Ho cercato insomma di creare una sorta di lungo piano sequenza, dove l’azione si svolgesse senza interruzioni, e gli eventi precipitassero inesorabilmente verso il tragico finale.
Per fare questo, già molto tempo prima di cominciare le prove, avevo disegnato un vero e proprio story board di tipo cinematografico dell’intera messa in scena, che ha costituito la base di quella che, grazie alla creatività di Cristina Gaetano, è diventata la scenografia vera e propria dello spettacolo. Insieme, siamo gradualmente arrivati alla definizione di uno spazio scenico allo stesso tempo realistico (costumi, elementi d’arredo e decorativi d’epoca) e fantastico: lo spettatore è come se vedesse attraverso una lente d’ingrandimento la stanza di un bambino lasciato crescere in solitudine e poi abbandonato.
La natura, fuori controllo, proprio come gli impulsi dei giovani protagonisti, si è impadronita di questa stanza, penetrandone il pavimento, sfondando soffitti e pareti.

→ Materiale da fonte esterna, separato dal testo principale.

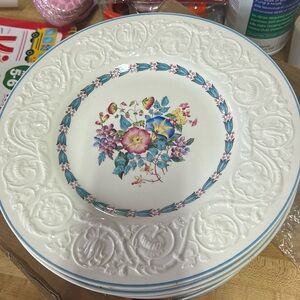 Preowned Wedgewood Morning Glory 9” Dinner Plate with small chip. See last photo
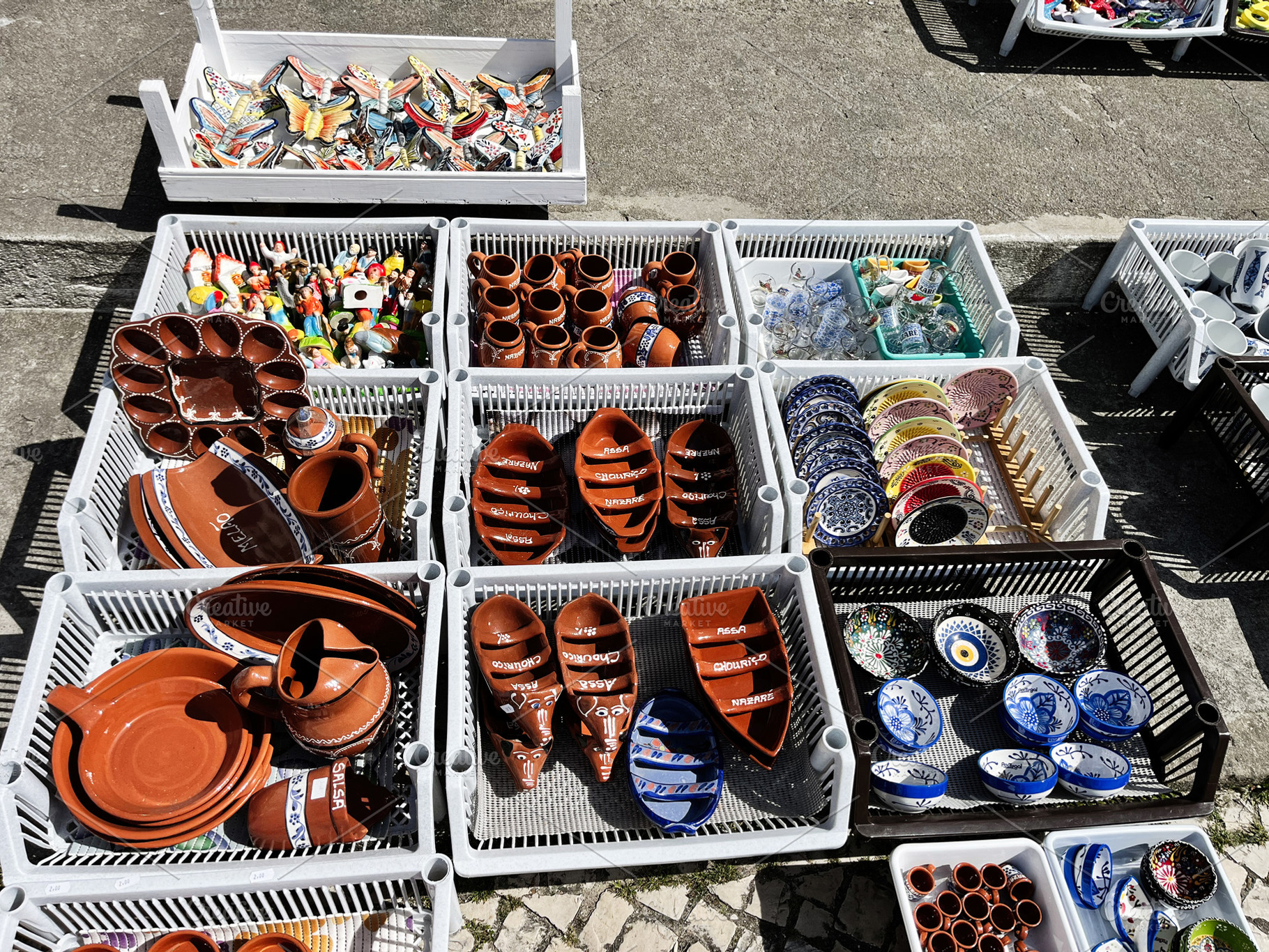 Handcrafted pottery and souvenirs displayed at a market in Nazare, Portugal, a Photo by AS photostudio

All’interno di questo ambiente fantastico, i personaggi degli adulti hanno occupato quella che doveva essere una casetta giocattolo del bambino, uno spazio angusto, una gabbia senza vie d’uscita, dove crescono ed educano i loro figli come uccellini in una voliera.
Solo ai giovani è consentito agire negli altri spazi, ma la loro libertà di movimento è solo apparente ed è comunque segnata da un destino tragico: il precipizio inevitabile per chi, pur avendo le ali, non hai mai avuto nessuno che gli insegnasse a volare.